Saturday, April 27, 2013

Oscar Wilde and Christ the Poet


 In 1997 I went to see the movie "Oscar Wilde" (starring the incomparable Stephen Fry) with my friend Rev Bill Miller and
a group of clergy and lay people from several more or less liberal churches—Methodists, Church of Christ, and Quaker--who met every month or so to go to a movie and to discuss it from a more or less theological standpoint. After returning from the movie, and after an intense and interesting discussion with these open-minded Christians, I wrote this review/reflection about the little known Christian side of Wilde's life.

      Wilde is best known for his clever comedies, his macabre and beauitfully written novel "Portrait of Dorian Gray," and his unforgettably witty oneliners, such as "America is the only country that went from barbarism to decadence without civilization in between,"  "Life is too important to be taken seriously," "Women are meant to be loved, not understood," "Nowadays people know the price of everything, and the value of nothing."

     The movie does an excellent job of depicting Wilde’s quriky human complexities,  but barely touches on  the religious dimension of Wilde’s work and life. The only religious reference that Wilde makes in the movie was his clever line: “I mean to die a Catholic, but I don’t intend to live like one.” From this remark, audiences would be hard put to realize that, while in jail, Wilde composed one of the most moving and original religious confessions of this century, “De Profundis.” The film describes this work  merely as a “farewell letter to [his lover] Lord Douglas.”

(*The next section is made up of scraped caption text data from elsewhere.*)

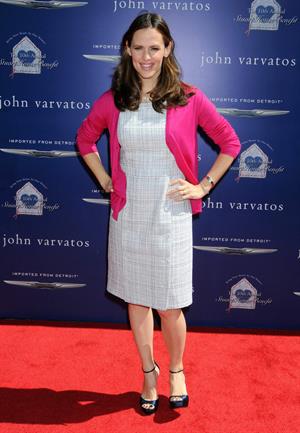Jennifer Garner attends John Varvatos 10th Annual Stuart House Benefit March 10, 2013 
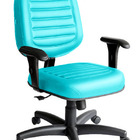 Cadeira Diretor Para Escritório Linha Blenda Verde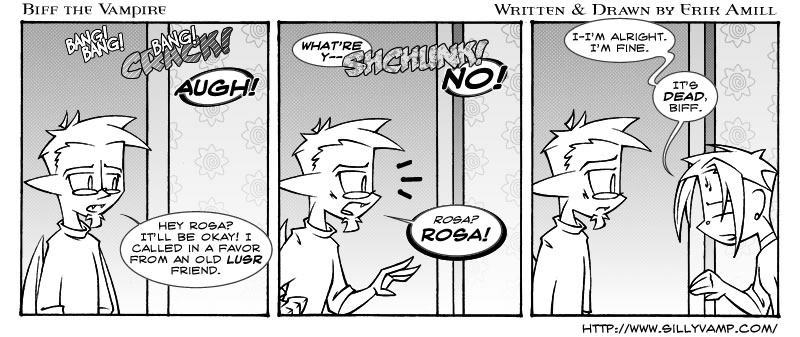 Biff the Vampire No.258 - Requesting HVAC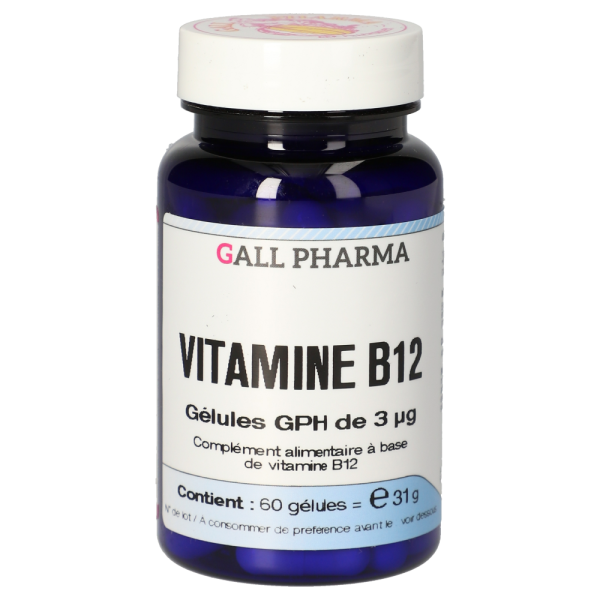 VITAMINE B12 60 gélules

     Wilde’s story moved me more than I expected in part because Wilde played an important role in my spiritual development that I had almost forgotten. In college, I wrote poetry, fancied myself an aesthete, and was attracted to the works of French decadent poets like Baudelaire, Rimbaud, Verlaine, and also to the “Fin de Siecle” artists and writers like Aubrey Beardsly and Wilde. Like Wilde and the decadents (as well as like the Rolling Stones and the Beatles), I saw the world of drugs as a stimulus for artistic expression. I plunged into the depths with the enthusiasm of a convert and paid a heavy price. But at the time it seemed worth risking all to create a poem that would dazzle with its originality and beauty.

      In my junior year  I became a student  of Anne Sexton, another poet whose religious dimension is sometimes overlooked. During that period (in which I still considered myself an agnostic and studiously avoided church),   I read “De Profundis” and was powerfully moved by what seemed to me Wilde’s utterly original depiction of Jesus as an artist, and the artist as Christ-like. After watching the movie,  I re-read these words and imagined Wilde in his prison cell penning them, and was moved to tears.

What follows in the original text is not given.